# Splash Screen / "Loading" Anzeige im Programm



## Sparkle (3. Mrz 2009)

Hi all,

Habe hier ein Problem, bei dem ich gar nicht weiterkomme. Sitze schon den ganzen Abend dran und habe alles mögliche ausprobiert, aber jetzt bin ich mit meinem Latein am Ende.

Es geht darum, dass ich innerhalb des laufenden Programms einen "Splash-Screen" anzeigen will (mit einem Bild), der so lange sichtbar sein soll, wie das Laden der Daten dauert. Genauer gesagt befindet sich am Anfang des Programms ein Dialog, der nach einem Login fragt, da soll der User was eingeben und nach Bestätigung der Eingabe werden dann verschiedene Daten geladen, was teilweise einige Sekunden braucht. Während dieser Sekunden soll ein solcher Ladebildschirm angezeigt werden. Nachdem alles geladen ist, soll er dann wieder verschwinden.

Nur leider funzt es nicht. Ich habe JDialog, JWindow, JFrame und JweißderGeierwasnochalles ausprobiert -> nichts.
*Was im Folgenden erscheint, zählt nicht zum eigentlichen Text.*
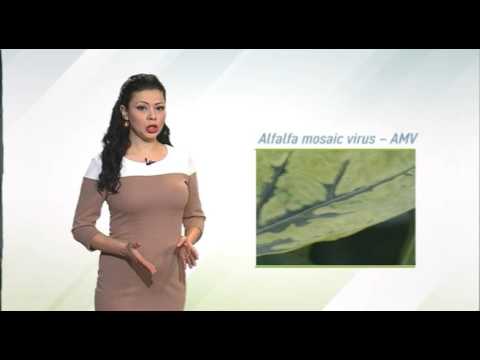 Zelena prognoza, 17.3.2016. - O neophodnim merama u proizvodnji rasada paprike i paradajza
Wenn ich setVisible auf true setze, bevor dieser Start-Login-Dialog kommt, dann zeigt er den Ladebildschirm ganz normal an, samt Bild (ist halt der falsche Zeitpunkt). Wenn ich setVisible erst nach dem Login-Dialog auf true setze, dann erscheint bestenfalls ein durchsichtiges Fenster ohne das Bild. Ich verstehe einfach nicht, warum er das nicht anzeigen will. Ich hatte auch die Vermutung, dass er vielleicht das Bild noch nicht geladen hat und sich dann nicht mehr damit beschäftigen will beim Daten-Laden, aber auch da kein Erfolg: Ich habe ImageIO, Toolkit, Label-ImageIcon, MediaTracker, BufferedImage usw. probiert, aber daran liegt es wohl nicht, denn davon hat nichts geholfen. Auch wenn ich nur ein Label mit einem Text hinzufüge, wird der Ladebirdschirm nicht angezeigt. Das einzige, was man sieht (vorausgesetzt Decorations sind an), ist die Titelleiste - und eben das durchsichtige ContentPane.
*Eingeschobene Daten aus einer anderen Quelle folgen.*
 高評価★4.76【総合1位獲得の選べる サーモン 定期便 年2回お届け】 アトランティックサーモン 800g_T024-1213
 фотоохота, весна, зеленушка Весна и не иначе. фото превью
Weiß jemand, an was das liegt?

Ich habe mir auch überlegt, ob es vielleicht schlau wäre, das mit Threads hinzubiegen, aber da hab ich keine Ahnung, wie ich das bewerkstelligen soll. Bei Google finden sich manche Hinweise auf SwingWorker, aber ich blicke da nicht wirklich durch. Auch eine Suche hier hat mich dahingehend nicht weitergebracht. Vielleicht ist es auch ganz der falsche Pfad.
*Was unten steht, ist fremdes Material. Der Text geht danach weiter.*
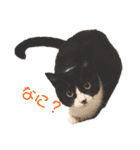 くりとから（個別スタンプ：1）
Ich wär echt glücklich, wenn mir jemand meinen Denkfehler aufzeigt. Irgendwie kommt es mir so vor, als würde ich was übersehen. Es macht mich auf jeden Fall wahnsinnig 

Danke schon mal für die Antworten.


----------



## Ebenius (3. Mrz 2009)

Es liegt ziemlich sicher daran, dass Du etwas bezüglich Threads im Swing falsch verstanden hast. Am besten Du liest oder überfliegst mal Sun Java Tutorial » Lesson: Concurrency in Swing. Lohnt sich!

Ebenius


----------



## Sparkle (3. Mrz 2009)

Schon geschehen. Wie gesagt, mir leuchtet nicht ein, wie ich SwingWorker einsetzen sollte. Ich schreibe bei doInBackground() meinen zeitintensiven Task rein, bei done() verarbeite ich ihn mit get() weiter und setze splashScreen.setVisible(false). Danach schreibe ich worker.execute(), damit auch passiert, was drinsteht. Und dann noch ein while (!worker.isDone()) {}; , damit der EDT wartet, bis die Berechnung passiert ist. Der Witz ist, dass der Ladebildschirm trotzdem nicht angezeigt wird, obwohl er vor dem SwingWorker-Abschnitt im Code steht und doch eigentlich parallel im EDT laufen sollte. Spätestens da, wo der EDT dann untätig durch die leere Schleife saust, müsste doch genügend Zeit da sein, das Lade-Bild zu laden und den Ladebildschirm anzuzeigen, oder nicht?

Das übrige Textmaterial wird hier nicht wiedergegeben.